The director of the Economic Research Center at Universidade Lusíada (Cinvetec) was speaking to the Lusa agency, on the sidelines of the 1st Economy 100 Makas Conference, which addressed the theme "Competitiveness: The key to a more Developed and Inclusive Angola".

Heitor Carvalho, who was one of the speakers at the aforementioned conference this Monday, stated that the prices of imported products must be "slightly higher" than those that the best national producers can place on the market, to maintain permanent pressure on domestic producers.

For the academic, in order to have customs protection it is necessary to cross exchange and customs rates, highlighting that high exchange rates, aggravated by high customs fees or the conditioning of imports, prevent external competition, in a market where internal competition is also weak.

"This customs tariff is something that doesn't make any sense, especially because we already have an exchange rate high enough to make imported products expensive.

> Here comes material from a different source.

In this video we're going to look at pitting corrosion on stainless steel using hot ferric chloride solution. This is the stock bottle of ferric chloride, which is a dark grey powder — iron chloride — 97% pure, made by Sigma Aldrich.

If we still put 30 percent, 40 percent on top, the prices of imported products become so far from the prices of national products, which do not force competitiveness at all", he said.

Without this competition, he continued, national producers "are satisfied and happy, because they have no competitors and set prices as if they were monopolists".

The country's new customs tariff, which came into force on the 3rd of this month, increases import taxes for some widely consumed products, including rice, sugar, oil, beans, among others, with the justification of protecting national production and encourage its increase.

For economist Carlos Rosado Carvalho, responsible for the conference, "the system is set up to create difficulties in selling facilities" and Angola needs to make "a total change" of paradigm to become competitive.

Criticizing "the attachment to power and positions" that inhibit "necessary changes", he considered that "some of those who are doing well today would probably become bad", this being one of the factors that inhibit changes in Angola.

"People prefer to have pro-reform rhetoric, but then they don't carry out the reforms", he highlighted.

"What we see is an increase in poverty, weak economic growth, which in some way contradicts the official discourse. We are not saying that nothing has been done, they recently ended visas, which is a fabulous thing, but if We don't have results because we are doing something wrong and that has to be changed", highlighted the university professor and analyst.